DATA PROVIDED ▸
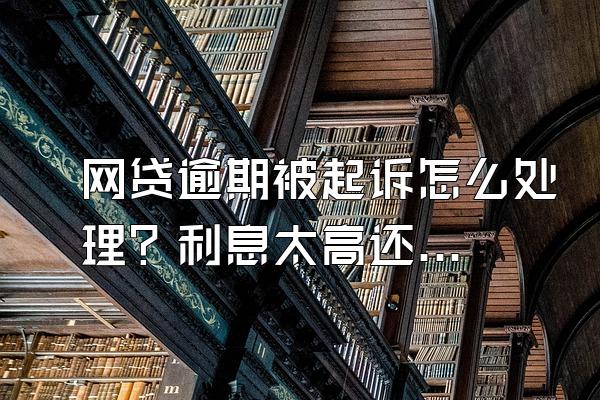 网贷逾期被起诉怎么处理？利息太高还不起了怎么办？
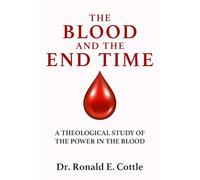 The Blood and The End Time: A Theological Study of The Power in the Blood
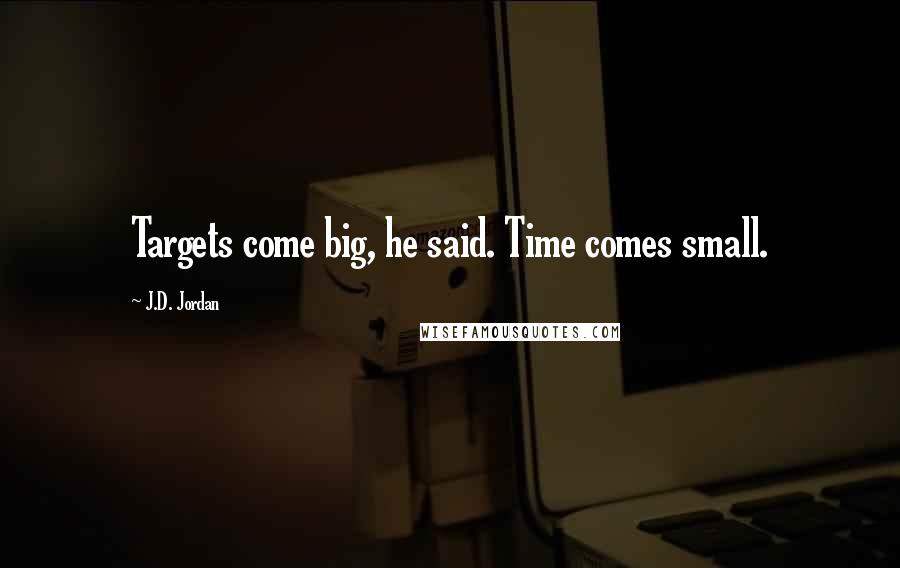 J.D. Jordan Quotes: Targets come big, he said. Time comes small.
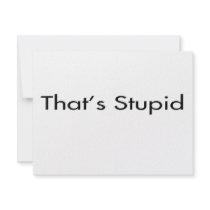 That's Stupid invitations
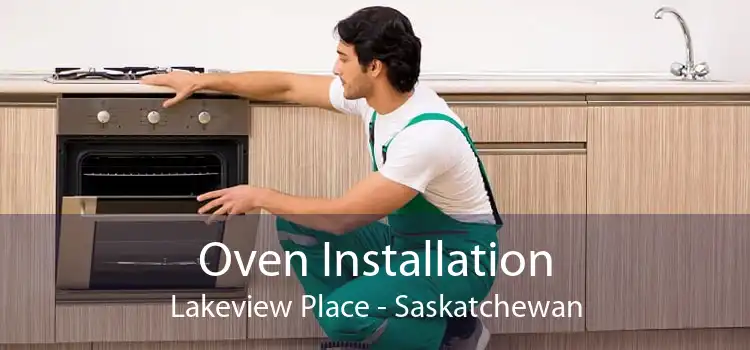 Oven Installation Lakeview Place - Saskatchewan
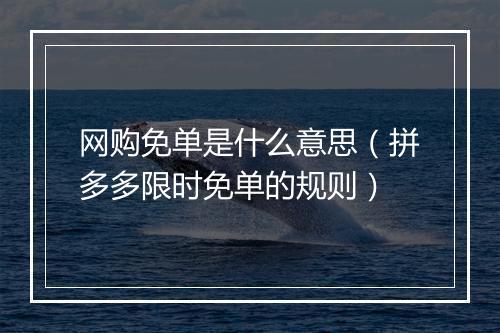 网购免单是什么意思（拼多多限时免单的规则）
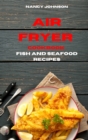 Air Fryer Cookbook Fish and Seafood Recipes : Quick, Easy and Tasty Recipes for Smart People on a Budget - Book
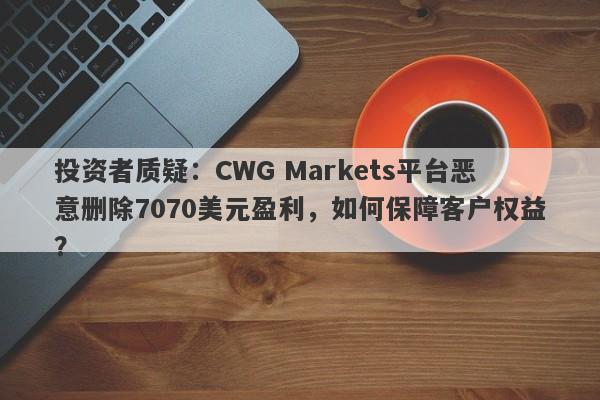 投资者质疑：CWG Markets平台恶意删除7070美元盈利，如何保障客户权益？-第1张图片-要懂汇圈网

ACTION ITEM ▸ Strip out the pictures and quote the remaining data word for word.

EXERCISE OUTPUT ▸
 网贷逾期被起诉怎么处理？利息太高还不起了怎么办？
 The Blood and The End Time: A Theological Study of The Power in the Blood
 J.D. Jordan Quotes: Targets come big, he said. Time comes small.
 That's Stupid invitations
 Oven Installation Lakeview Place - Saskatchewan
 网购免单是什么意思（拼多多限时免单的规则）
 Air Fryer Cookbook Fish and Seafood Recipes : Quick, Easy and Tasty Recipes for Smart People on a Budget - Book
 投资者质疑：CWG Markets平台恶意删除7070美元盈利，如何保障客户权益？-第1张图片-要懂汇圈网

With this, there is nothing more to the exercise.